The resurgence of Yu, currently Party boss in the central
province of Hubei, shows that even in modern-day, market-driven
China, political staying power can depend largely on
old-fashioned Party connections. His close ties are with the
family of late paramount leader Deng Xiaoping.

"I wouldn't be surprised if Yu Zhengsheng enters the
Politburo Standing Committee ... He's very competent," one source
told Reuters, requesting anonymity.

Yu, 62, is also likely to be promoted to vice premier next
March at the annual session of parliament, the sources said.
Details of a reshuffle of the top ranks of both Party and
government were expected to be hammered out at an informal
leadership meeting in late summer.

In a country where people were commonly purged for the faults
of relatives during the chaotic 1966-76 Cultural Revolution, the
1985 defection of Yu Qiangsheng could easily have scuttled his
brother's political career.

TOP SPY BUSTED

The defector exposed a retired analyst for the Central
Intelligence Agency, Larry Wu-tai Chin, who committed suicide in
his cell in Virginia in 1986, days before a U.S. court was to
sentence him for spying for China for about 30 years.

Thanks to his close ties to Deng Pufang, the wheelchair-bound
eldest son of Deng Xiaoping, Yu Zhengsheng was spared the full
political repercussions but fell off the fast track.

"Yu Zhengsheng had very close personal relations with Deng
Pufang," said Ho Pin, New York-based co-author of a book on
"Princelings" -- the sons and daughters of China's incumbent,
retired or late leaders.

Deng Pufang was embroiled in a financial scandal in the late
1980s when Kang Hua, the trading empire he founded, was accused
of abusing tax exemption privileges granted it for its donations
to his welfare fund for the disabled.

Troubleshooting for the younger Deng, Yu closed down Kang Hua
as part of an anti-corruption drive ordered by Deng Xiaoping
while avoiding wider political damage.

"Yu Zhengsheng is the Deng family's representative in
politics," a businesswoman with ties to the Deng family said.

After his brother's defection, Yu spent 12 years in the
eastern coastal province of Shandong. Serving successively as
vice mayor, mayor and then Party boss of Qingdao city from 1989
to 1997, he helped make Tsingtao beer and Haier household
appliances China's best-known brands abroad.

POLITBURO

After a stint as construction minister in Beijing, Yu became
Hubei party boss and made it to the Party's 24-member
decision-making Politburo in 2002.

As top official in Hubei, Yu departed from tradition by
plucking auto executive Miao Wei from political obscurity in 2005
to make him Party boss in the provincial capital, Wuhan.

With Yu's backing, Miao consolidated Hubei's auto industry,
putting a stop to cut-throat competition between large and small
carmakers.
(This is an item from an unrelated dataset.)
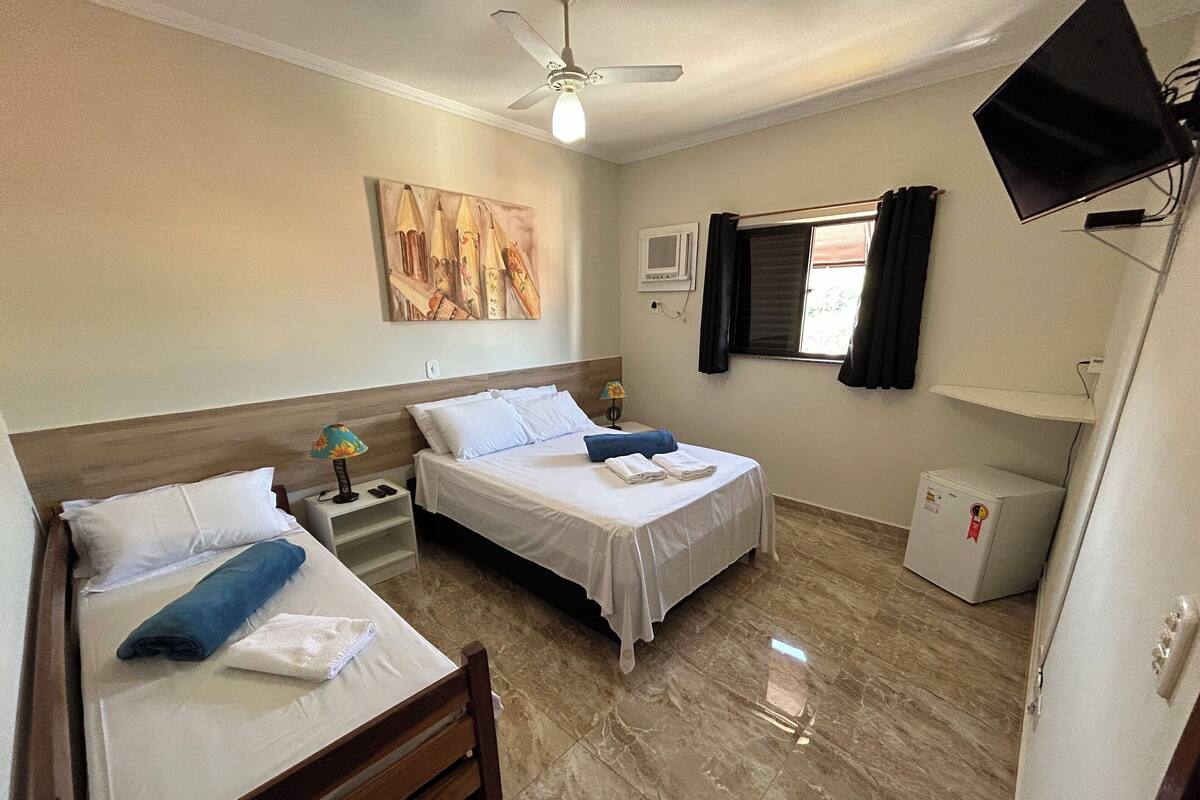 Habitación de hotel con dos camas, ventilador de techo, televisor, refrigerador pequeño y ventana con cortinas.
He also made sure Hubei automakers bought components
from local state-owned enterprises instead of importing them.

Dispensing with the top official's usual panoply of police
escorts, bodyguards and aides, Yu often ventures into the
countryside to check out the work of local officials.
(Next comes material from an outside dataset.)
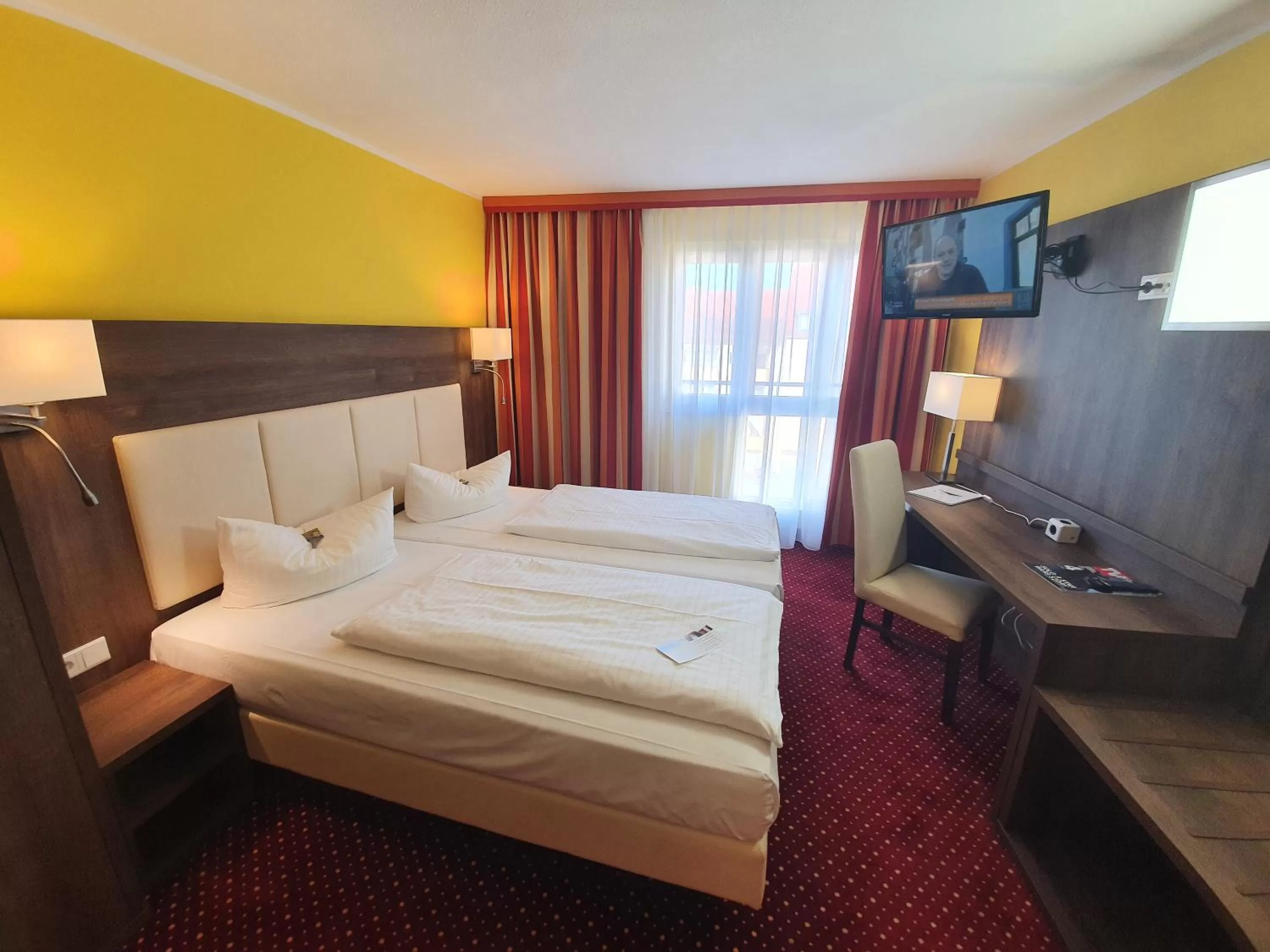 Photo of the whole room, Bed in INVITE Hotel Nürnberg City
"The people are full of praise for him ... There has been
construction everywhere since he came to Hubei," a local
businessmen named Xiong said of him.

Under Yu's watch, Hubei's GDP now ranks 12th among the
country's 31 provinces. Per capita income of farmers rose 10.3
percent to more than 3,400 yuan ($450) in 2006.

BLUE BLOOD

Born into a prominent family in Shaoxing, in the eastern
coastal province of Zhejiang, and trained as a missile engineer,
Yu is a political blue blood.

His father Yu Qiwei, a Communist underground militant who
changed his name to Huang Jing to avoid arrest by Kuomintang
troops, was a former husband of Jiang Qing, who went on to marry
Party Chairman Mao Zedong.

Later, after the 1949 Communist takeover, Huang was to become
the first Party boss of the northern port city of Tianjin.

For Yao Lifa, an activist known nationally for his dogged
advocacy of elections free of Communist Party control, Yu is a
princeling who will not compromise the Party's interests.

Yu visited Yao's home city late last year and "instructed the
city government that independent candidates should not be elected
to the local people's congress", the activist said.